Thanks for reading Kelly! x
What beautiful writing, Anna. Thanks so much for sharing this with us.
Thanks Marcella! And as always, thanks for reading! x
aww this post made me teary <3 rest in peace laoye. We love you <3
He left a lovely last memory for all of us :).
This is a lovely tribute to your grandpa. He sounds like such an interesting man, what he must have seen during his life! I’m glad you got to spend time with him in Beijing, those memories must be very treasured. Also – love the trip through memory lane in the old photos! They’re brilliant!
Thanks so much Rachel! I’m happy for the good memories too, and that he left such a good last memory for us. :)
Kind of feels like, maybe he was holding out for one last meal of rice before making that final journey home.
First time I read a story of someone stranded in China and unable to go back. Usually it is the other way round, isn’t it? Escaped from China and yearning to go back to the motherland. Most folks in Malaysia of my grandma’s generation are like that.
Maybe he was :). Hmmm unfortunately I’m still not so clear on the details of why he wasn’t able to go back. But it’s so sad that he never went back to see his parents :/
I love that those were his last words because there is so much significance behind them. Thank you for sharing this touching and interesting story with us!
Thanks for reading Pam! And yes, those were the perfect last words. :)
Beautiful writing Anna. I’m sure your grandfather’s spirit visited Taiwan :)
Teesh || Adventures of Cupcake Girl
Thanks for reading Teesh! We’d like to think that he was finally able to go back to Taiwan too. :)
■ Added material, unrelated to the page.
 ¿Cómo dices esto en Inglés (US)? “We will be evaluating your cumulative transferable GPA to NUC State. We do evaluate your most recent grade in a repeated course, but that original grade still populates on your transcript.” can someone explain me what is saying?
This is such a beautiful story, Anna – it gave me goosebumps. Thanks for sharing x
Thanks Andrea! xx
Beautifully written Anna. It’s a wonderful memory of your grandpa, and reading I had tears in my eyes. I also wished I had asked more questions to my grandparents. xx
Thank you Camila :). I know, right… it’s just one of those things we never think of until it’s too late!
What a touching story, Anna! Lovely tribute to your grandfather :) Ps: I never knew Beijing people hardly eat rice! I would have thought they eat rice as much as me in Singapore love to eat. It’s been too long since I visited Beijing!